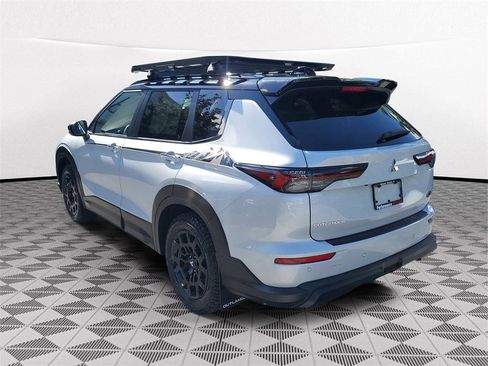 New 2026 Mitsubishi Outlander Trail Edition image 4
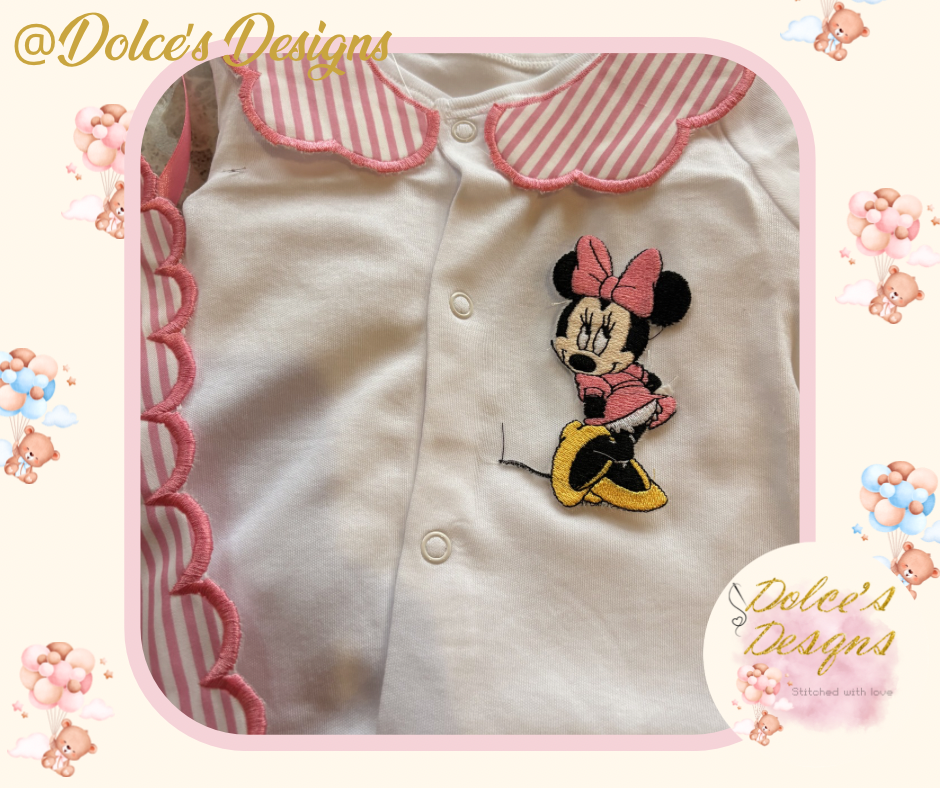 Minnie Mouse 2 Piece Baby Set – Scallop Bib & Embroidered Babygrow 🎀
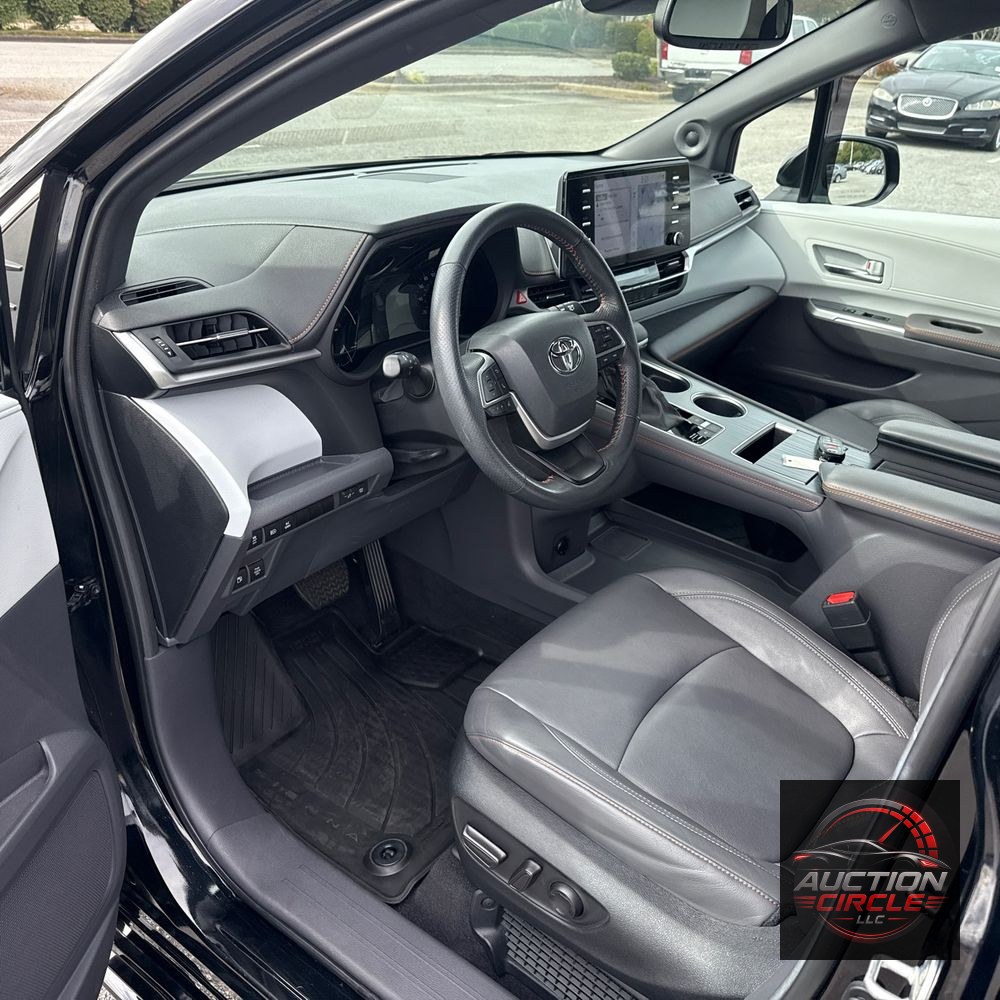 2024 Toyota Sienna XSE 7-Passenger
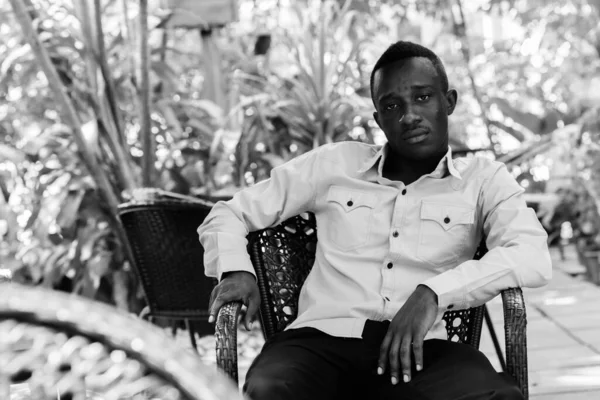 黒と白の屋外の通りでリラックスした若いアフリカのビジネスマンの肖像画 — ストック写真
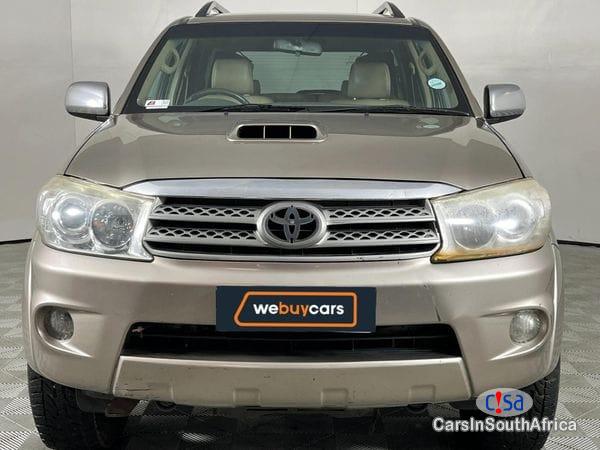 Picture of Toyota Fortuner 3.0 Manual 2010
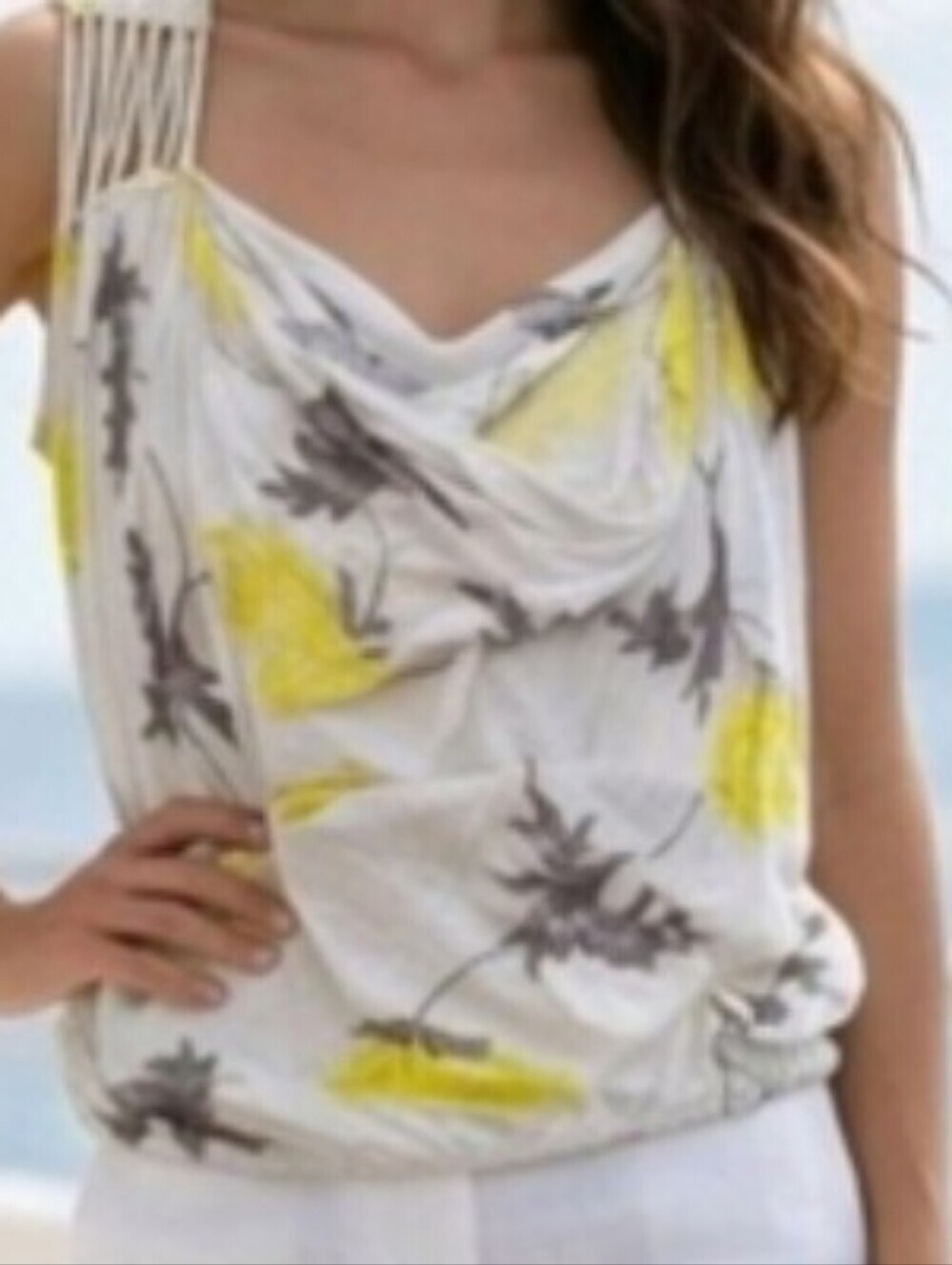 Women's Oversized Rare Free People White Yellow Floral Cow Scoop Neck Top S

:::

• _Work to be completed_: Please retype the whole listing above word for word and drop the pictures.

• _Answer to the exercise_:
 New 2026 Mitsubishi Outlander Trail Edition image 4
 Minnie Mouse 2 Piece Baby Set – Scallop Bib & Embroidered Babygrow 🎀
 2024 Toyota Sienna XSE 7-Passenger
 黒と白の屋外の通りでリラックスした若いアフリカのビジネスマンの肖像画 — ストック写真
 Picture of Toyota Fortuner 3.0 Manual 2010
 Women's Oversized Rare Free People White Yellow Floral Cow Scoop Neck Top S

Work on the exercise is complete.